Nick-Philly (CC BY-SA 4.0)
A curb ramp in Philadelphia, Pennsylvania.
When I heard that four disabled residents of the Chicago area filed a lawsuit against the city of Chicago, charging that “public pedestrian rights of way are dilapidated, dangerous, and generally inaccessible to people with mobility disabilities,” I immediately thought about my friend Bob, a Chicagoan who became a quadriplegic after a car accident.
I recently saw a picture Bob posted on his Facebook page of him lying on the street in his neighborhood. Beside him was his empty wheelchair. Bob wrote that he had tried to roll down a curb ramp that was so broken up that he hit a bump, pitching him out of his wheelchair onto the ground.
According to the lawsuit, more than 20,000 requests for sidewalk improvements across the city have been open for at least a year, and more than 6,000 have been open for more than three years. So even if Bob had called the Chicago 311 non-emergency number to report the messed-up curb ramp, it might have taken the city a year or more to repair it.
Disability activists sued the city in 2005 for failing to install, repair, and maintain curb ramps. The lawsuit claimed that this violated the Americans with Disabilities Act (ADA), which had been signed into law fifteen years earlier. The city settled the lawsuit in 2007 by agreeing to install thousands of new curb ramps throughout the city and improve curb ramp accessibility.
“Yet since then,” the current lawsuit states, “the city of Chicago stopped many of the systems it had implemented as part of that settlement and has failed to adequately maintain Chicago’s curb ramps.”

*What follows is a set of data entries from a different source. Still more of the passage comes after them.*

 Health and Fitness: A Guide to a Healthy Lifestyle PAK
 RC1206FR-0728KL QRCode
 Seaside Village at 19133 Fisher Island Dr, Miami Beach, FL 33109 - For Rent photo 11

This is the heart of the matter: The kind of true commitment to access that the ADA is designed to bring about requires way more than a one-time, grudging and belated effort to build ramps or whatever. Stuff breaks down; true commitment to accessibility means having an ongoing plan and budget for maintenance.
In addition to all of the curb ramps in need of repair, the complaint states that “Many sidewalks are deteriorated, cracked, crumbling, sunken, uplifted, uneven, covered with holes, and/or overgrown with vegetation. They are often too narrow to traverse. And many crosswalks are deteriorated or damaged with excessive slopes, potholes, cracks, and other gaps in the surface, as well as abrupt changes in grade.”

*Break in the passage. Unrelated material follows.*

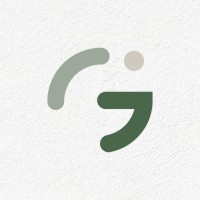 Grow Consult logo - Similar company to Zerda Communication & Events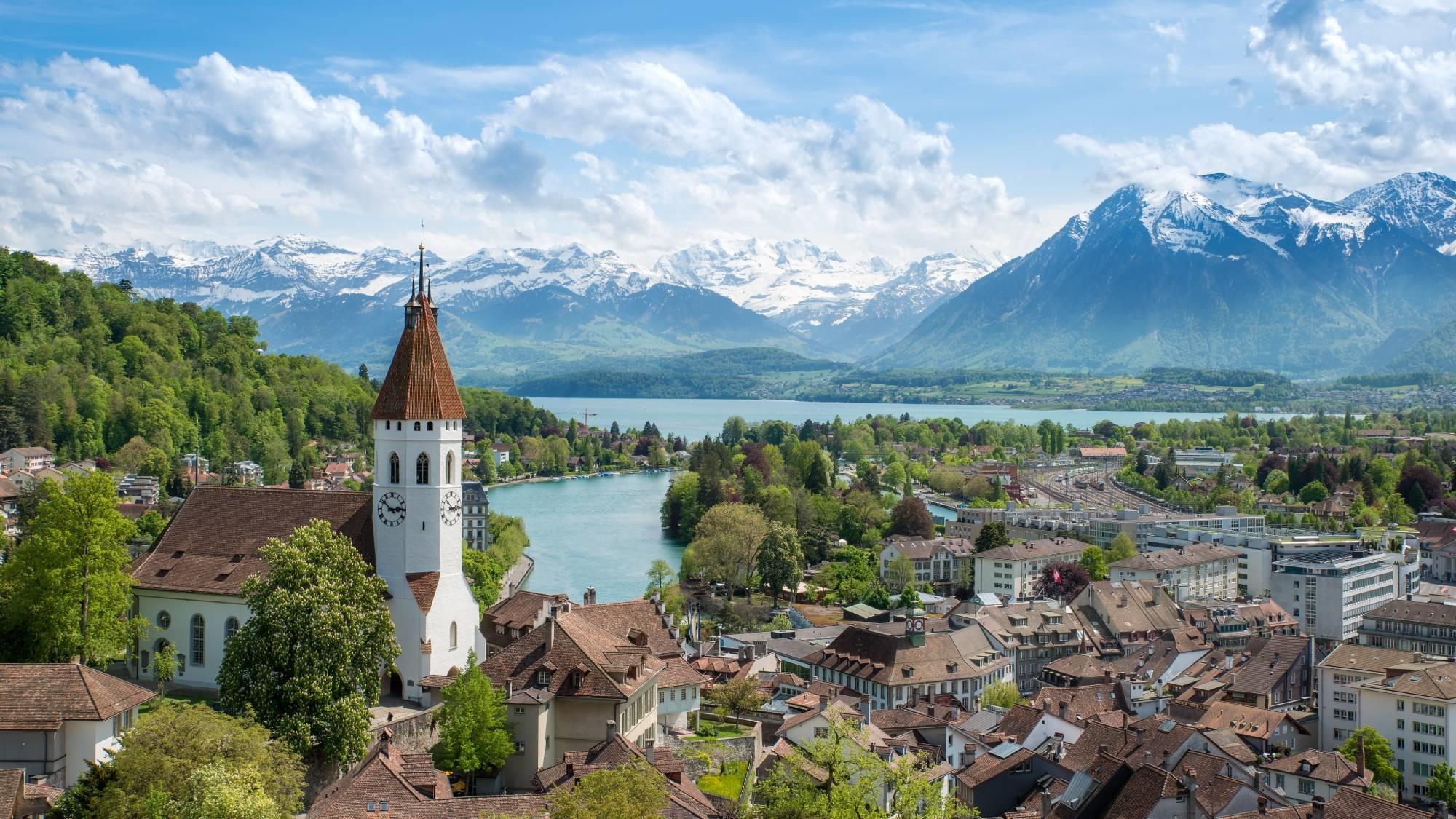 thanh pho thua dan nhat the gioi anh 8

I know that whenever I venture out onto the public walkways of Chicago in my motorized wheelchair, I tend to take familiar routes that I know have the most even terrain. Sometimes I just roll down the street because I consider that to be safer than the sidewalks. Either way, I always keep my eyes glued to the ground in front of me in the hopes of preemptively seeing a pothole or other barrier coming, so it won’t take me by surprise. Most people can just step over or around them. But when you have a disability, they can stop you dead in your tracks.